酔いそうになっていたため凪都の肩から手を

離した。


「うん、幸せそうしにしてた。俺らの幸せを

願ってるって」


「な、なんで、俺の時はみんな出てくれな

かったんだ?」


「それはみんな曰く、るいの精神が持たない

かもしれないのと、るいの意思が揺らがないようにするためらしい」


凪都の物言いに俺は笑ってしまった。みんな

らしい。でも、やっぱり復讐には反対だった

のか。まあ、それででも俺の復讐は止まらないけどな。みんなは俺のやることを尊重してくれようとしてくれたことに俺は嬉しくなった。ん?待てよ?凪都がそれを言ったってことは..


「なぁ、なぎ。もしかして、今の俺もみんなに会えるってこと?」


「うーん、それは分かんない。でも、みんなに会う前にるいがちゃんと不眠症が治ったら

会えるんじゃないか?多分」


「そっか」


俺は落ち込んだ。俺も、みんなに会いたい

のだ。
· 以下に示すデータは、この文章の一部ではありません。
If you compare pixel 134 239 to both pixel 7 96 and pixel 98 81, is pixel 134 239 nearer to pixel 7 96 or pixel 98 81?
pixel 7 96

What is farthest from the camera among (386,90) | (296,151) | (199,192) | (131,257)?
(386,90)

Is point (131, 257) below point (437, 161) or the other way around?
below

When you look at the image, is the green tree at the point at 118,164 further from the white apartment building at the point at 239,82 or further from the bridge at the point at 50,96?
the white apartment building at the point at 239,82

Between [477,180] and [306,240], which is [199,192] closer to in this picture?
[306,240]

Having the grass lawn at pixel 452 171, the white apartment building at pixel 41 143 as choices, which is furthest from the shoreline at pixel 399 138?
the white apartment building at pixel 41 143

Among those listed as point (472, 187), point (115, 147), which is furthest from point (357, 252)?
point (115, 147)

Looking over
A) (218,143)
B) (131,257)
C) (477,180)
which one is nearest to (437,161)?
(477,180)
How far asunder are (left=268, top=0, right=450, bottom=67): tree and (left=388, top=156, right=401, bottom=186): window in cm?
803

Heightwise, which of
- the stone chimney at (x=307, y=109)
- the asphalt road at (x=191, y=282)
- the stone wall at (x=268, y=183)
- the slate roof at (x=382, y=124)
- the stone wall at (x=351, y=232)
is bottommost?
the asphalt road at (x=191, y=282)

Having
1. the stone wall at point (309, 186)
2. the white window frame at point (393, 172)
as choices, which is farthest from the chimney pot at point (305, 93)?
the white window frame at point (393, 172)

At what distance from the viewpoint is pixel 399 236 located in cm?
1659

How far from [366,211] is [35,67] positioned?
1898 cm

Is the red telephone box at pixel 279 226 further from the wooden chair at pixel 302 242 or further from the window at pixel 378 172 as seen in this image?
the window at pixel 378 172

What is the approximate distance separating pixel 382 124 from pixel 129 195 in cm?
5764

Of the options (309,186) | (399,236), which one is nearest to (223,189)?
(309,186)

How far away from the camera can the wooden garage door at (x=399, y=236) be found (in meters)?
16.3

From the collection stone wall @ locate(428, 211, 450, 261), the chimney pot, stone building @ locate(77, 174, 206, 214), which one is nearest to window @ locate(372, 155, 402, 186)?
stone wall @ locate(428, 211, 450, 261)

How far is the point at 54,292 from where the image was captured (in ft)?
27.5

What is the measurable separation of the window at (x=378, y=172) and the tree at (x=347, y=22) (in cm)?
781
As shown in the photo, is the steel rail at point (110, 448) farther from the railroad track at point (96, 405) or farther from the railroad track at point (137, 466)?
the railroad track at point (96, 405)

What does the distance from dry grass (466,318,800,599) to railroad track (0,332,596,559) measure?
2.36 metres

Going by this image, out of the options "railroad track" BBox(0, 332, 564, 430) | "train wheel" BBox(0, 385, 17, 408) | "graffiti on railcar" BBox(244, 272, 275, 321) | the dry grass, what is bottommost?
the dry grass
でもわがままを言う訳にはいかない。

みんなが安心して俺に会えるように俺がちゃんとすれば良いんだ。俺がそう思い、意気込んでいると凪都が急に頭を叩いてきた。加減されたのは分かっていたが、結構な威力で叩かれた

ため痛い。


「いってぇ!な、なんだよ!?」


「どうせ、るいはなんか自分が頑張ろうとしてると思ってさー」


「当たり前だろ?」


「お前、不眠症のことなんも知らないのかよ?」


不眠症、確かに詳しくはよく分からない。

眠れなかったり、あまりよく眠れなかったり

するってことと精神的なことが原因なことは

知ってるけど改善する方法は知らないな。

俺が考えていると、凪都は呆れたように笑い

おもむろに立ち上がる。


「るい、今から仲間を見つけて綺麗な景色を

みる旅に出るか。この世界ぶっ壊す旅に出るかどっちがいい?」


「は?お前絶対、後者したがるだろ。それに、なんで旅?」


「まぁ、俺は後者してみたいけどさぁー。ここでいる必要も無いし。それに、こういうのは

ストレスの理由があった場所から離れたら少しはマシになるらしいから」


「え、そうなの?」


「うん」


なら、秘密基地と家はどうしよう?

こういうのは、残したくないんだよな。凪都はどうするつもり何だろうな。壊すなんて言ったら本気でしばき倒すけどな。


「いいけど、家と秘密基地はどうする?」


「うーん、残しとこ?少なからず、思い出だし」


「良かった。もし、壊せって言ったら本気でしばくとこだったわ」


「あっぶねっ!こえぇこと言うなよ、るい!」


「ハイハイ、じゃあ行くぞー」


「ちょっ!!おい、置いて行くなよぉ!」


こうして、俺と凪都は旅に出た。


この先、何があってもこのふたりの絆は壊れ

ないだろう。瑠斗の家族と凪都の家族は優しく

2人を見守っていることだろう。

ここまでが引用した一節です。